Dow decided to give away the bicycles – which employees use to travel from plant to plant and avoid using their cars – following the purchase of a new, safer fleet of tricycles.

Patty Deutsche, Dow’s Senior Manager of Public Affairs, put out a call to nonprofits in the area, asking if they wanted used bikes. Dove responded immediately, asking for only a couple.

“When Patty sent out the e-mail, I thought, ‘Oh my god, there’s probably going to be 100 people trying to get these bikes,’” Dove said. “I called her right away. We’ve been giving out bikes along the years to kids who need them, but not on a scale like this.”

Delta 2000 is an Antioch-based hub of nonprofits that help people all over East County. The organization works with nonprofits to help them gain 501(c)3 tax-exempt status, and now houses a couple dozen organizations, such as the Elderly Wish Foundation and the Child Abuse Prevention Council.

What impressed Deutsche the most was how Dove didn’t plan to simply give away the bikes to kids, but use them as a learning opportunity. Dove said the organization will teach low-income children how to maintain a bicycle so that they’ll always have a safe and reliable way to get to school or work – and learn new skills.

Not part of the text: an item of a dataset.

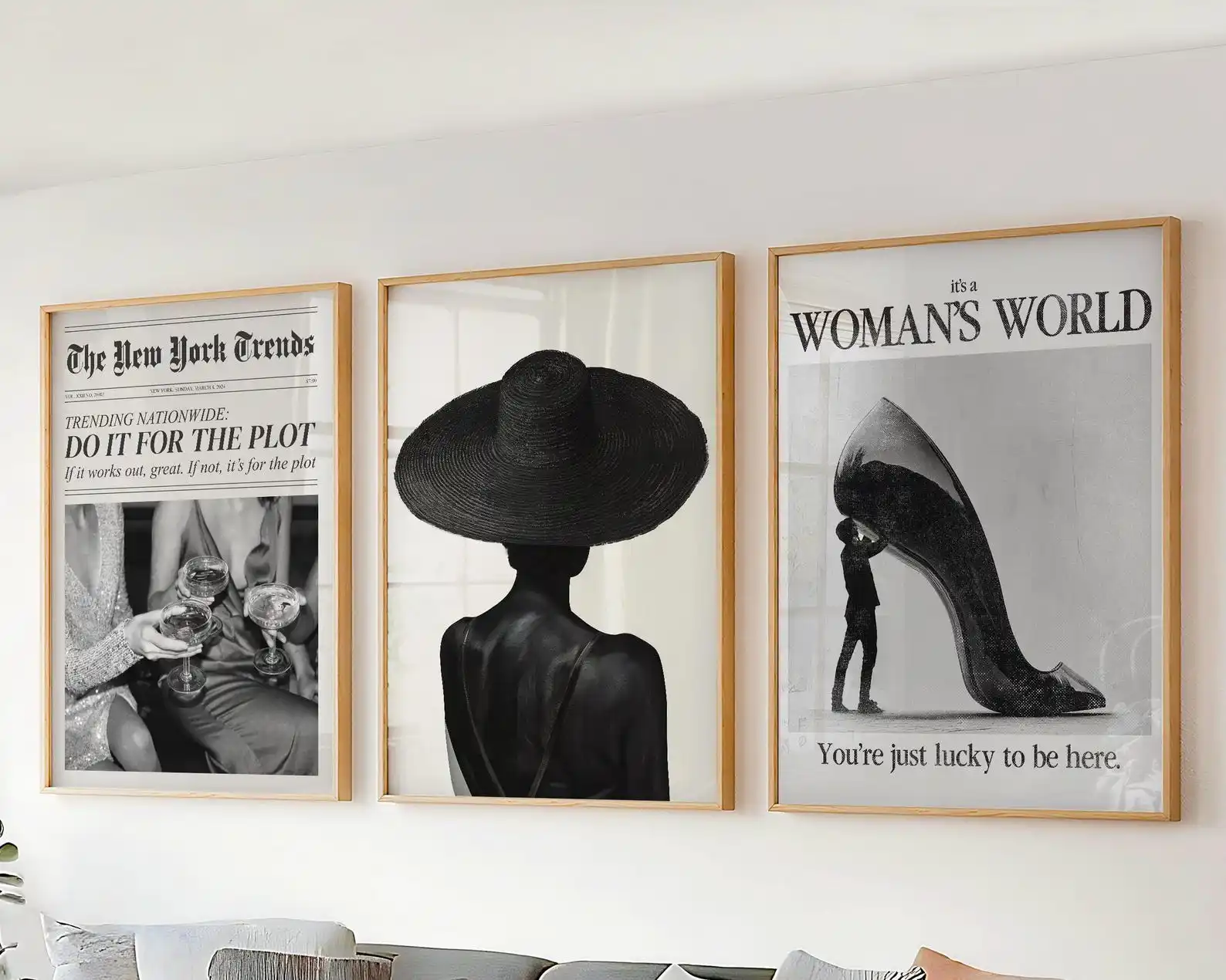 3pcs/set Retro Black Art Canvas Prints Frameless Abstract Black & White Girly Decor Poster Newspaper Trendy Preppy Canvas Poster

“This is a win-win situation by Dow’s standards,” Deutsche wrote in a press release. “We love the idea that the bikes are going to kids who need to go to school or work. But we especially like the idea that the kids will be learning at the same time – not just maintenance but responsibility and maybe even the skill of teaching others. The fact that this is all right in our backyard was a bonus.”

Ideally, students in need of community service time will do it through Delta 2000. Dove would like to set up a program in which students gain hours by teaching their classmates how to repair and maintain bicycles.

Dove also hopes that owning a bike of their own will instill in kids a sense of responsibility and pride. The program will encourage students to repair as well as paint the bicycles, engaging the kids’ artistic impulses.

“Right now, we get a lot of court-order and community-service teens that have to do hours for summer school,” Dove said. “Our hope is to create a program through that, working with those kids who can educate other kids.”

Dow workers dropped off the used bikes – many of which are in dire need of some TLC – last Thursday. Dove plans to start distributing the bicycles to low-income and disadvantaged youth later this month, after school has finished for the spring.

Now that Delta 2000 has all these bicycles, it’s looking for more help from the community. The organization seeks bike stands, tools, toolboxes or any other equipment that would come in handy for bike repair.